Captioned web images:
<<<<
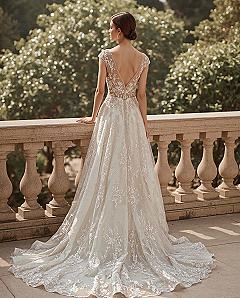 Dreamy A-Line Bridal Gowns for a Romantic Wedding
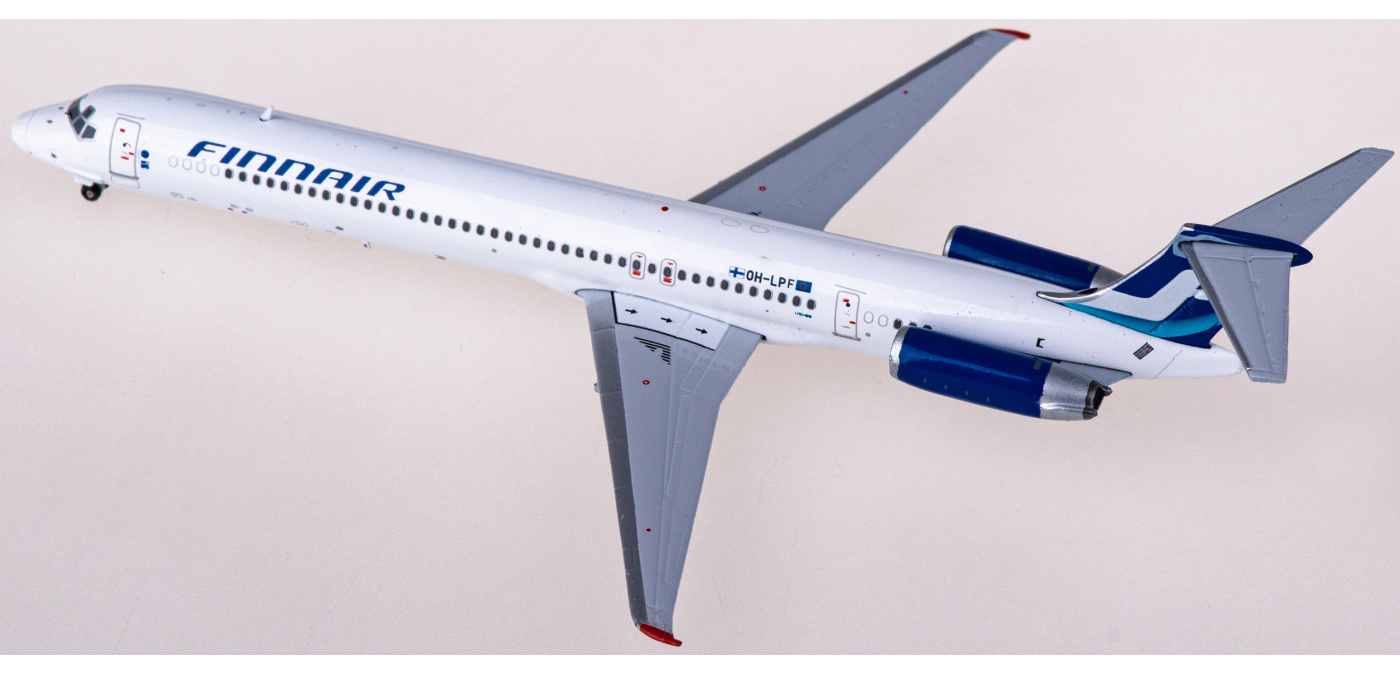 航空機・ヘリコプター AeroClasics 1/400 Finnair DC-10-30 XX40102 Finnair 芬兰航空McDonnell Douglas MD-83 OH-LPF JC Wings 1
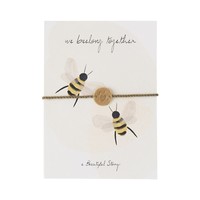 A Beautiful Story Sieraden Ansichtkaart - Bees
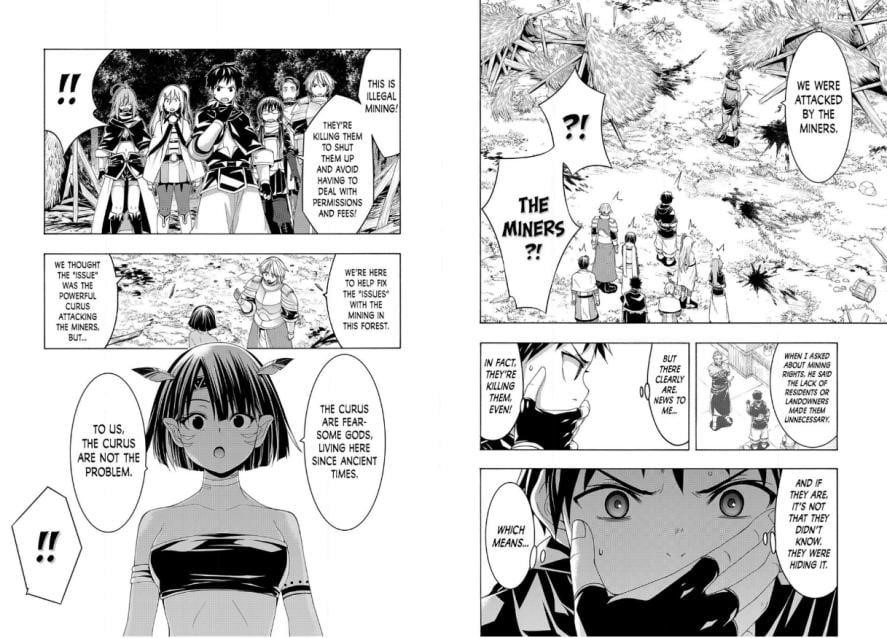 Read I'm Standing on a Million Lives EN Manga Online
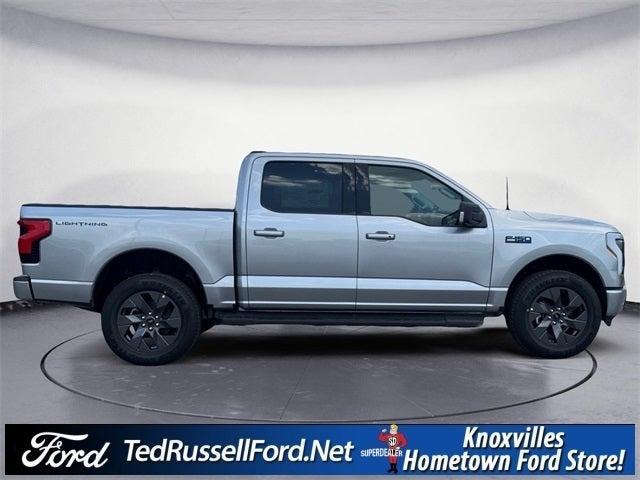 new 2025 Ford F-150 Lightning car, priced at $72,221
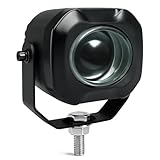 Agrieyes W221 LED Forklift Safety Light, Red Spot IP67 12-80V, Boundary Warning for Toyota Forklift/AGVS/Warehouse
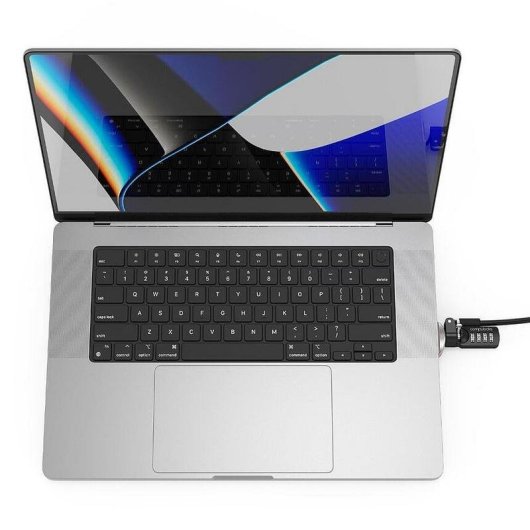 Diebstahlschutz-Schloss Compulocks MBPR16LDG02CL für MacBook Pro 16" mit Kombination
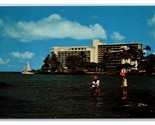 Naniloa Surf Hotel Hilo Bay Hawaii HI UNP Chrome Postcard S7 - $3.91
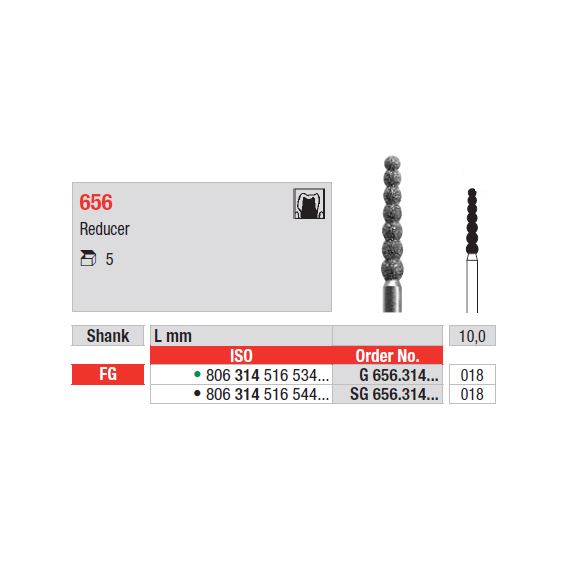 Diamant FG 656.018G (5ks/bal)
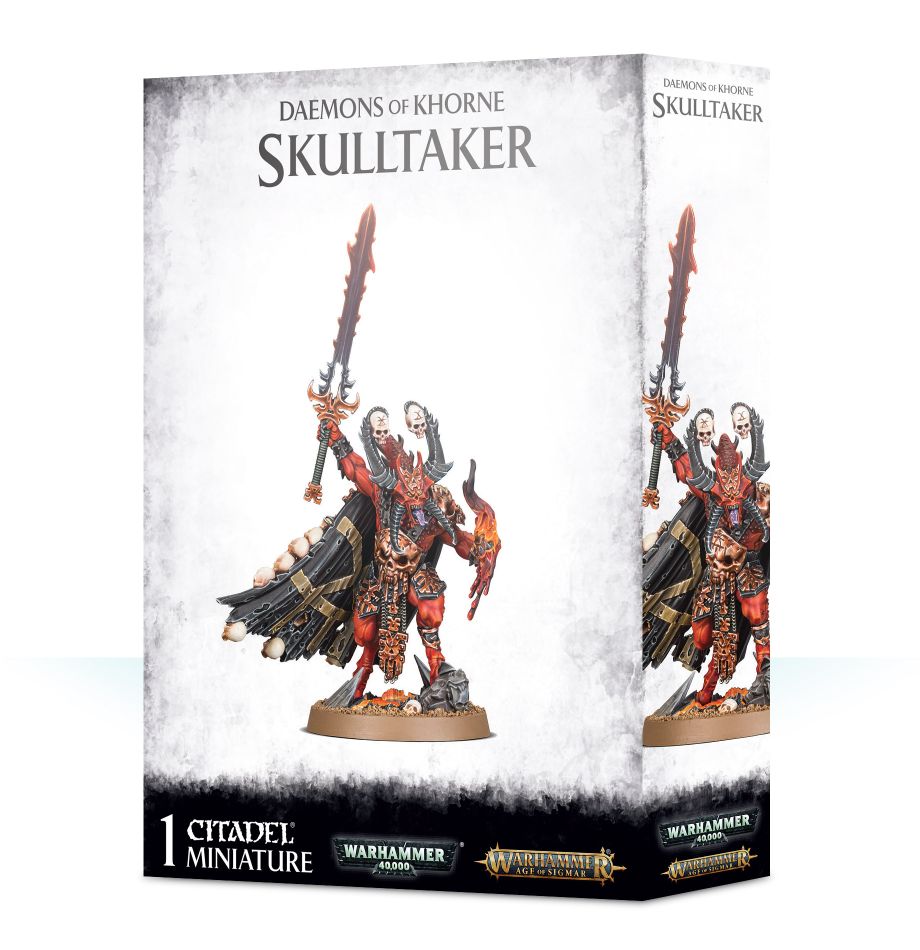 Khorne Demons Skulltaker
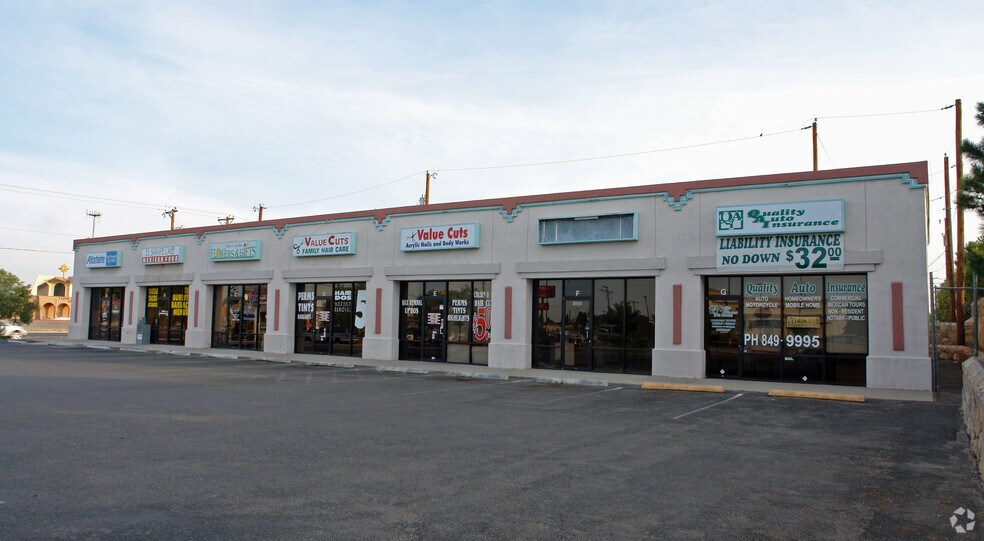 More Photos Of 3010 George Dieter Dr, El Paso General Retail For Sale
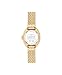 Coach Women's Sammy 2H Quartz Watch, 22.5 mm Petite Oval Case, Stainless Steel Mesh Bracelet, Premium Fashion, Everyday Wear - Gift for Her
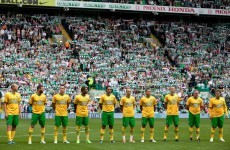 VIDEO: Poignant 'You'll Never Walk Alone' as Celtic fans pay tribute to Petrov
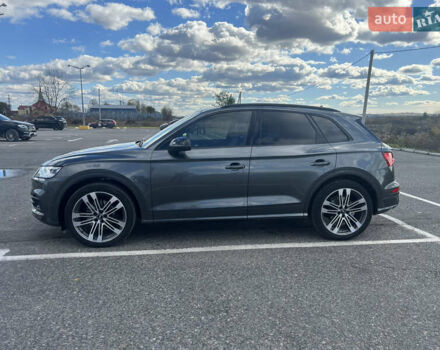Сірий Ауді SQ5, об'ємом двигуна 3 л та пробігом 142 тис. км за 32500 $, фото 2 на Automoto.ua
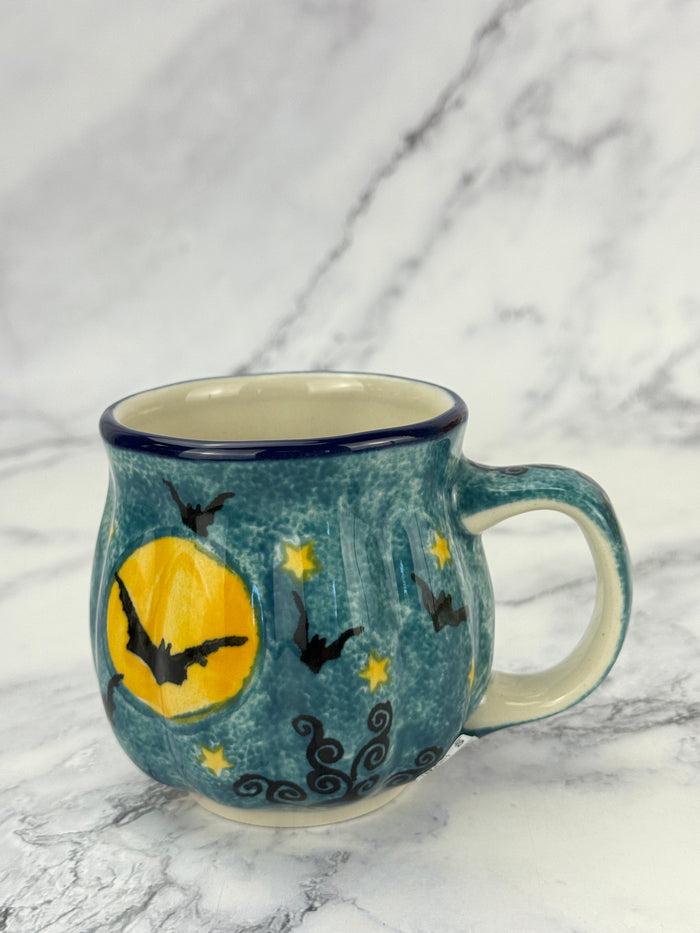 8oz Unikat Pumpkin Mug - Shape H47 - Pattern U5264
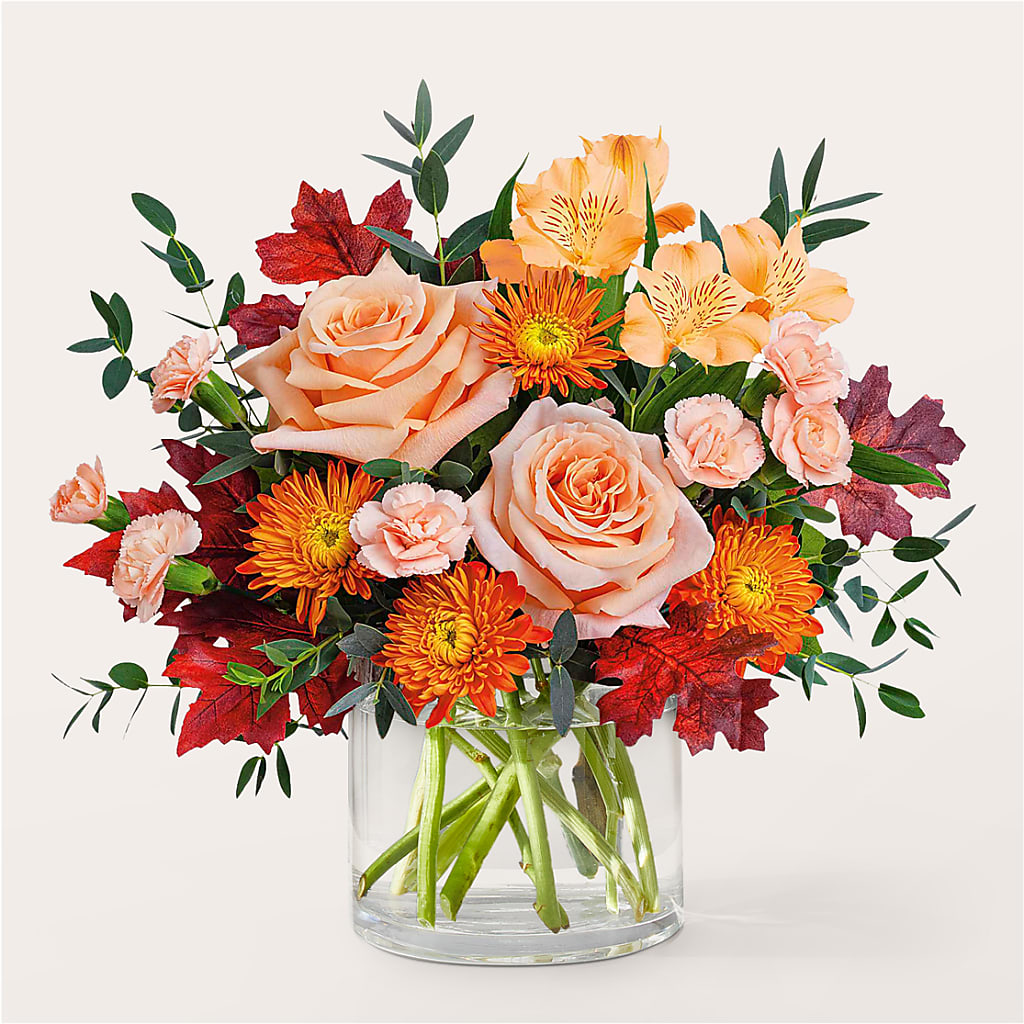 Spiced Latte Bouquet – Forsberg Flowers Of Marquette Llc, Marquette MI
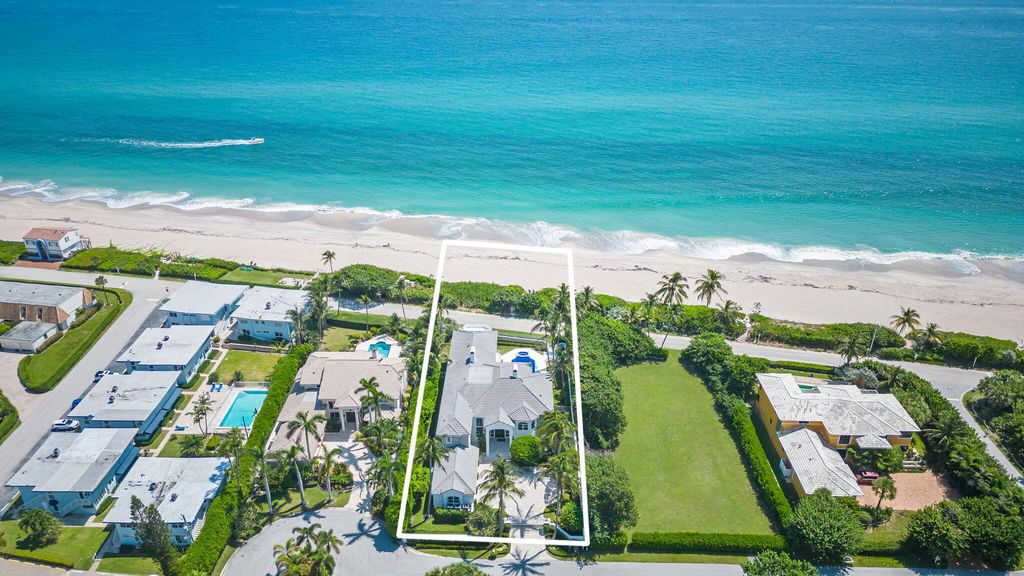 Photo of 5 Beachway N, Ocean Ridge, FL 33435 (MLS # R11019608)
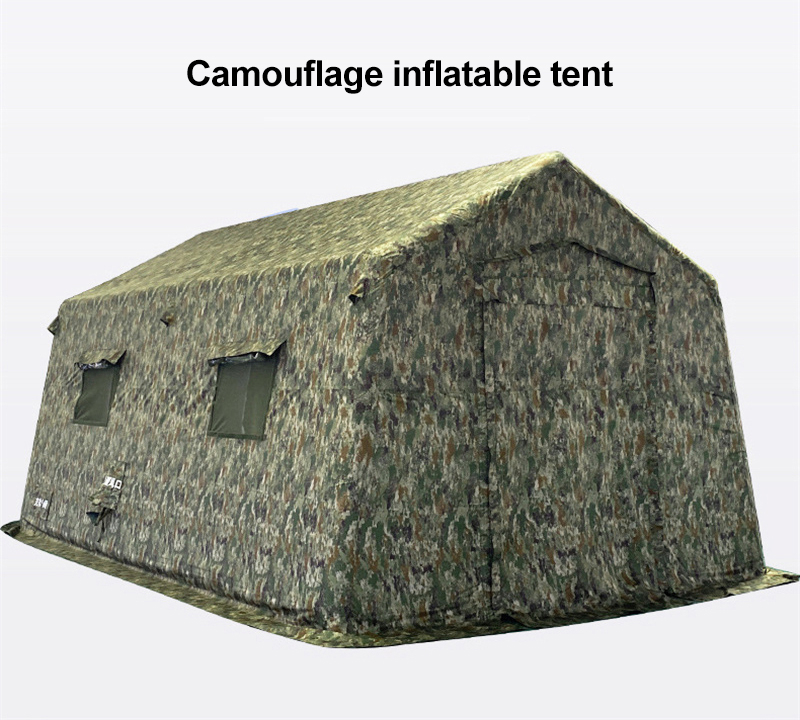 XL long Camouflage tent flood Reserve 99% sandproof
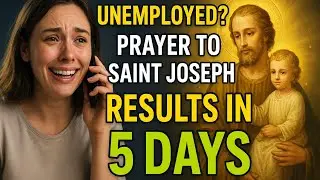 ⚠️ SHE PRAYED TO SAINT JOSEPH AFTER 8 MONTHS JOBLESS &mdash; ON THE 5TH DAY, 3 MIRACLES HAPPENED!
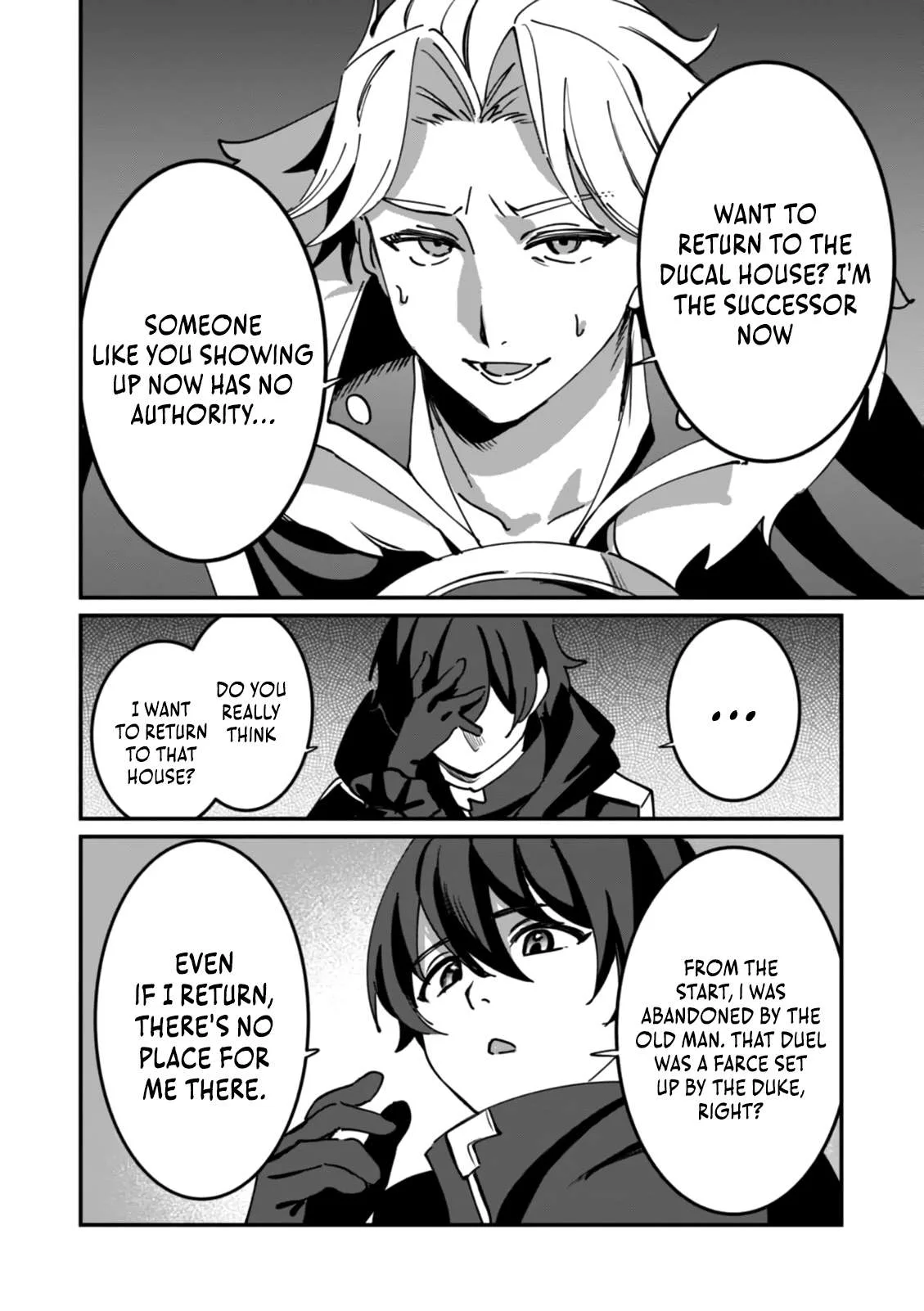 Unrivaled With the Useless Skill: Telekinesis (But It’s Max Level) – With Just a Wave of My Hand. No Chants, No Special Moves, Just Pure Willpower! Chapter 19 page 25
>>>>
▶ _TASK BRIEF_
Both the line containing "A Beautiful Story" and the line containing "Agrieyes W221 LED" above belong in the output, as do the lines between them. Print them exactly, without pictures.

▶ _EXERCISE SOLUTION_
 A Beautiful Story Sieraden Ansichtkaart - Bees
 Read I'm Standing on a Million Lives EN Manga Online
 new 2025 Ford F-150 Lightning car, priced at $72,221
 Agrieyes W221 LED Forklift Safety Light, Red Spot IP67 12-80V, Boundary Warning for Toyota Forklift/AGVS/Warehouse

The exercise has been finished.